I am working with MS-COCO dataset and I want to extract bounding boxes as well as labels for the images corresponding to backpack (category ID: 27) and laptop (category ID: 73) categories, and store them into different text files to train a neural network based model later.
I have already extracted the images corresponding to the aforementioned two categories and have created empty annotation files in a separate folder wherein I am looking to store the annotations along with labels (format of the annotation file is something like: label x y w h where w and h indicate width and height of the detected category).

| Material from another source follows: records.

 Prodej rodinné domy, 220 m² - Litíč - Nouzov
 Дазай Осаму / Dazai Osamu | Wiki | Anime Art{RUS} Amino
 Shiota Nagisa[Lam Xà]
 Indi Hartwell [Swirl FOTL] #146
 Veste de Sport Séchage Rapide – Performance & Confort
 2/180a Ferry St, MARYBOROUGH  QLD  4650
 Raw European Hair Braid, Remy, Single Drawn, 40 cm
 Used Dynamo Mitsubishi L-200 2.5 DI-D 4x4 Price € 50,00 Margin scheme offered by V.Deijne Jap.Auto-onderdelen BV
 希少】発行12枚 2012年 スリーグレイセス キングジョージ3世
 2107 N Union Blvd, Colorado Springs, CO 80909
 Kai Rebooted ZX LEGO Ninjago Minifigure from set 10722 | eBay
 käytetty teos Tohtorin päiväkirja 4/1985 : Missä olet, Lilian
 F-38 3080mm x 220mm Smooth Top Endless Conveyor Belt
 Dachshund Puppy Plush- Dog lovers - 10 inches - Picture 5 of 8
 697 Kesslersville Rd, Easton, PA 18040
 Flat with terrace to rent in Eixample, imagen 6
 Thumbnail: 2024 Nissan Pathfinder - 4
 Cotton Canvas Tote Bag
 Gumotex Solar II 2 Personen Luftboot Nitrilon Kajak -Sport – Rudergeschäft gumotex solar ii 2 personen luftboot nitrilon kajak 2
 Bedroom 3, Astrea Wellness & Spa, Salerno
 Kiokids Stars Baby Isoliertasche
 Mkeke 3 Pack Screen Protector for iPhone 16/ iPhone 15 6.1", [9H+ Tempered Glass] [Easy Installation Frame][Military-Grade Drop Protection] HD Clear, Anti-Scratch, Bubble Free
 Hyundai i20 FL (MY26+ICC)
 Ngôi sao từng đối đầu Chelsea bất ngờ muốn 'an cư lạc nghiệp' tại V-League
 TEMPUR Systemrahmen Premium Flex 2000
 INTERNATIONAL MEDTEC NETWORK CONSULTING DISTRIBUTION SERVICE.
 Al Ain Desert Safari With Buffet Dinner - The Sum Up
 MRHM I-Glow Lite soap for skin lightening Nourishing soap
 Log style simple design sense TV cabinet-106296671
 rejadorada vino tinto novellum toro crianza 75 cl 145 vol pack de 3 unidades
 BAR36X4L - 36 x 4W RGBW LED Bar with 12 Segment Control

I built upon COCO-API (coco.py to be precise) to extract the images and create the empty text annotation files.
Following is the main function I wrote on top of coco.py
to do so:
if __name__ == "__main__":
littleCo = COCO('/home/r.bohare/coco_data/annotations/instances_train2014.json')
#id_laptop = littleCo.getCatIds('laptop')
"""Extracting image ids corresponding to backpack and laptop images."""
bag_img_ids = littleCo.getImgIds(catIds=[27])
laptop_img_ids = littleCo.getImgIds(catIds=[73])
#print "IDs of bag images:", bag_img_ids
#print "IDs of laptop imgs:", laptop_img_ids
"""Extracting annotation ids corresponding to backpack and laptop images."""
bag_ann_ids = littleCo.getAnnIds(catIds=[27])
laptop_ann_ids = littleCo.getAnnIds(catIds=[73])
#print "Annotation IDs of bags:", bag_ann_ids
#print "Annotation IDs of laptops:", laptop_ann_ids
"""Extracting image names corresponding to bag and laptop categories."""
bag_imgs = littleCo.loadImgs(ids=bag_img_ids)
laptop_imgs = littleCo.loadImgs(ids=laptop_img_ids)
#print "Bag images:", bag_imgs
#print "Laptop images:", laptop_imgs
bag_img_names = [image['file_name'] for image in bag_imgs]
laptop_img_names = [image['file_name'] for image in laptop_imgs]
print "Bag Images:", len(bag_img_names), bag_img_names[:5]
print "Laptop Images:", len(laptop_img_names), laptop_img_names[:5]
"""Extracting annotations corresponding to bag and laptop images."""
bag_ann = littleCo.loadAnns(ids=bag_ann_ids)
laptop_ann = littleCo.loadAnns(ids=laptop_ann_ids)
bag_bbox = [ann['bbox'] for ann in bag_ann]
laptop_bbox = [ann['bbox'] for ann in laptop_ann]
print "Bags' bounding boxes:", len(bag_ann), bag_bbox[:5]
print "Laptops' bounding boxes:", len(laptop_bbox), laptop_bbox[:5]
"""Saving files corresponding to bags and laptop category in a directory."""
import shutil
#path_to_imgs = "/export/work/Data Pool/coco_data/train2014/"
#path_to_subset_imgs = "/export/work/Data Pool/coco_subset_data/"
path_to_ann = "/export/work/Data Pool/coco_subset_data/annotations/"
dirs_list = [("/export/work/Data Pool/coco_data/train2014/", "/export/work/Data Pool/coco_subset_data/")]
for source_folder, destination_folder in dirs_list:
for img in bag_img_names:
shutil.copy(source_folder + img, destination_folder + img)
print "Bag images copied!"
for img in laptop_img_names:
shutil.copy(source_folder + img, destination_folder + img)
print "Laptop images copied!"
"""Creating empty files for annotation."""
for f in os.listdir("/export/work/Data Pool/coco_subset_data/images/"):
if f.endswith('.jpg'):
open(os.path.join(path_to_ann, f.replace('.jpg', '.txt')), 'w+').close()
print "Done creating empty annotation files."
I provided only the main function here as the rest of the code is coco.py file in COCO-API.
I debugged the code to find that there are different data structures:
cats
, a dictionary which maps category IDs to their supercategories and category names (labels).imgToAnns
, also a dictionary which maps every image ID to its segmentation ground truth, bounding box ground truth, category ID etc. From what I have managed to know so far, I think I need to use this dictionary to somehow map the image names I have in bag_img_names and laptop_img_names lists to their labels and bounding boxes, but I am not able to think in the right direction, as to how to access this dictionary (No method in coco.py returns it directly).imgs
, another dictionary which gives meta information about all images, such as, image name, image url, captured date etc.
Finally, I know this is an extremely specific question. Feel free to let me know if this belongs to a community other than stackoverflow (stats.stackexchange.com for example), and I will remove it. Also, it might be possible that I missed some vital information. I will provide it if I can think of it, or if someone asks.
I am only a beginner in Python, so please forgive me if I might have missed something obvious.
Any help whatsoever is highly appreciated. Thank You.